[Task goal] With the pictures removed, reproduce exactly the lines from the one that contains "18mm Nickel Charm - Sitting Cat (each)" through the last line of the entries below.

[Records from a data collection]
[Start of Attachment]

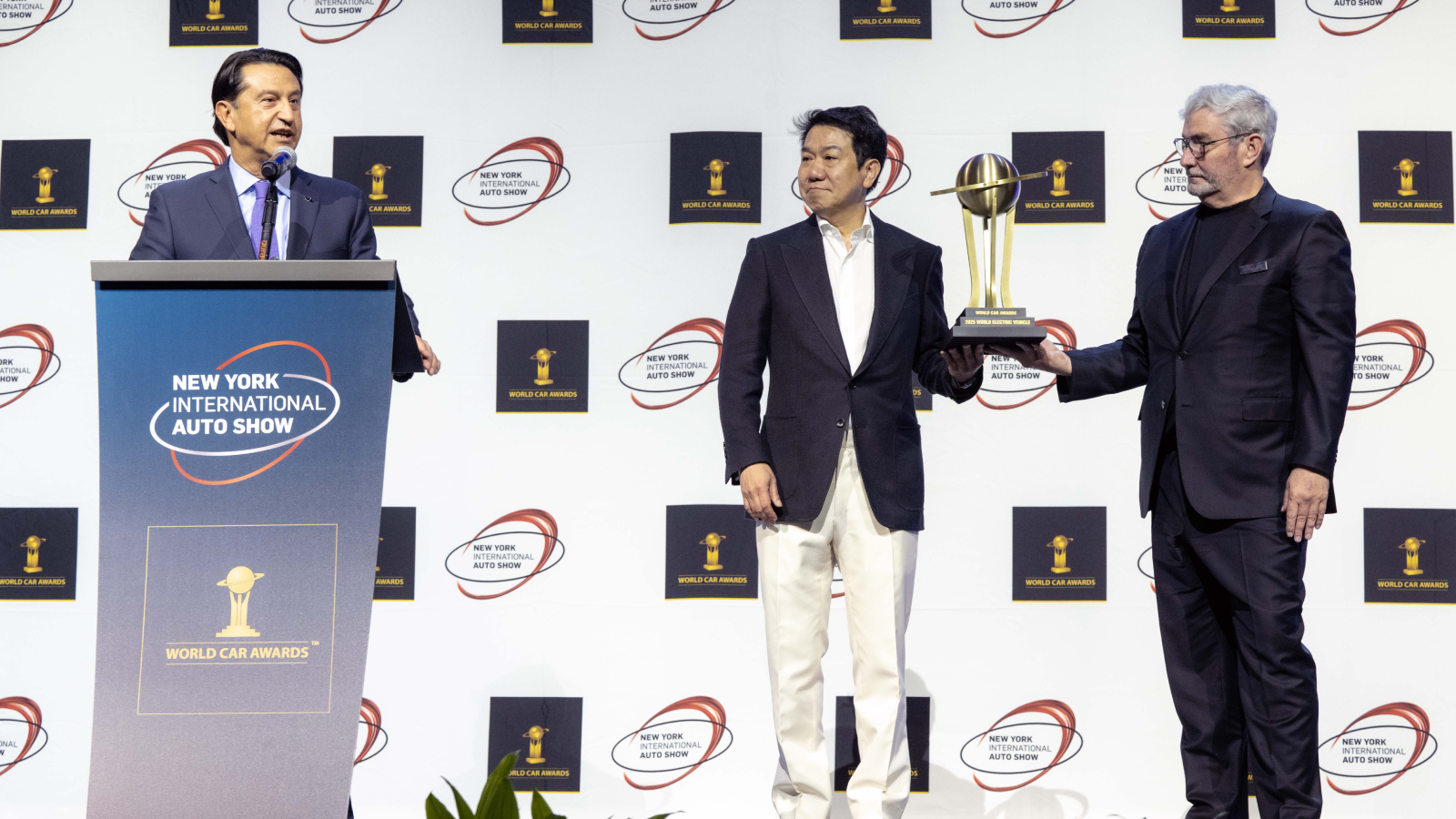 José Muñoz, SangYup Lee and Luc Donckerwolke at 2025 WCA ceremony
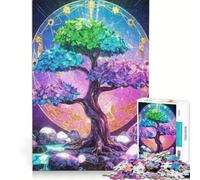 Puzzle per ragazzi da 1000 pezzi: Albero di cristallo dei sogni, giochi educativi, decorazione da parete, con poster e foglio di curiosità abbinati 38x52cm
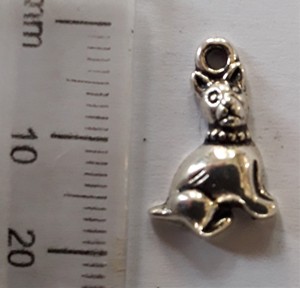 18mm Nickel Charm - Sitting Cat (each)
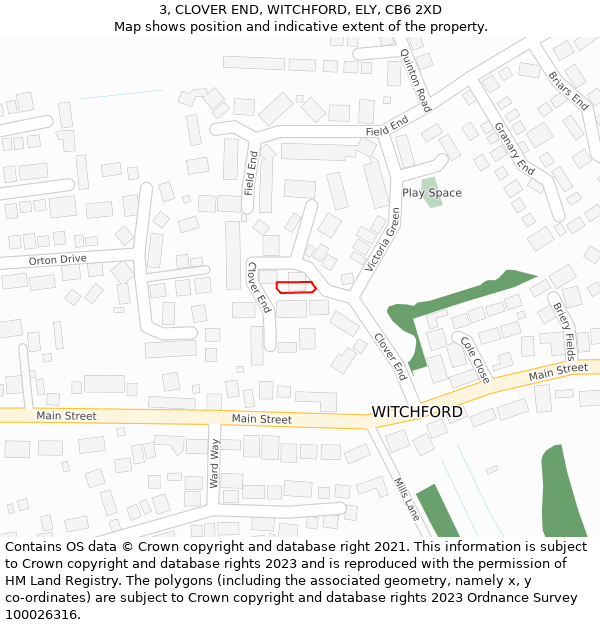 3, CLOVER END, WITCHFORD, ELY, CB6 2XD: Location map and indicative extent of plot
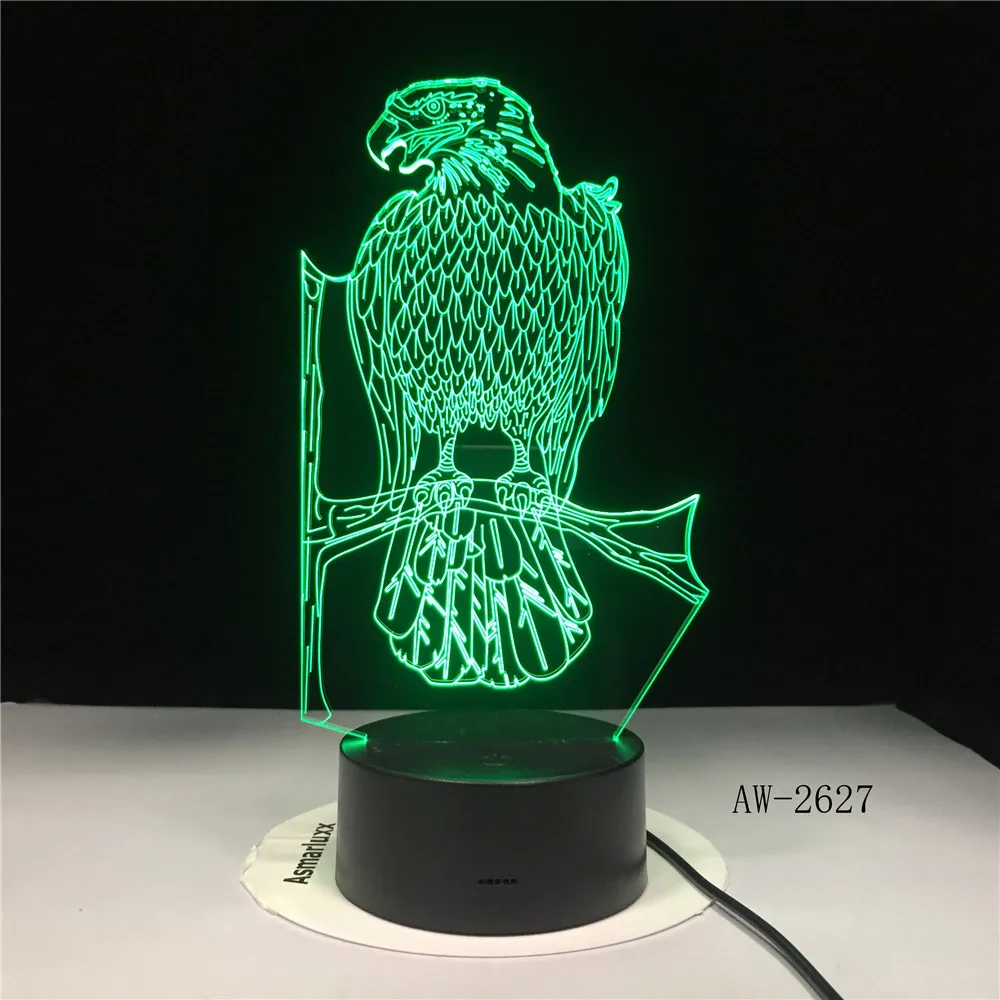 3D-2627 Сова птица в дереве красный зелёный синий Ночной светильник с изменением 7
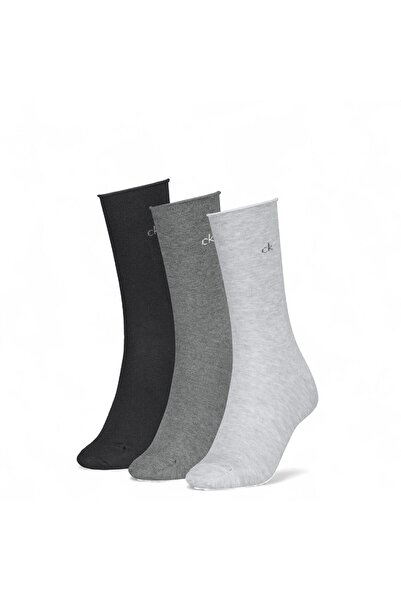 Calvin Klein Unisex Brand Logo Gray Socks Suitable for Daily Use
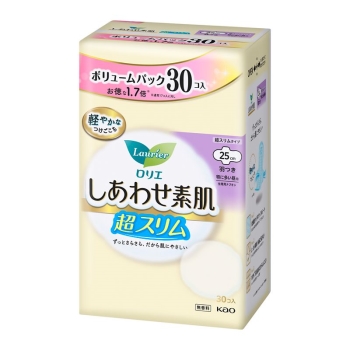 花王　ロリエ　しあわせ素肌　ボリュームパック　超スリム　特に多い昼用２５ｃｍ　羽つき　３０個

[End of Attachment]

[Output]
 18mm Nickel Charm - Sitting Cat (each)
 3, CLOVER END, WITCHFORD, ELY, CB6 2XD: Location map and indicative extent of plot
 3D-2627 Сова птица в дереве красный зелёный синий Ночной светильник с изменением 7
 Calvin Klein Unisex Brand Logo Gray Socks Suitable for Daily Use
 花王　ロリエ　しあわせ素肌　ボリュームパック　超スリム　特に多い昼用２５ｃｍ　羽つき　３０個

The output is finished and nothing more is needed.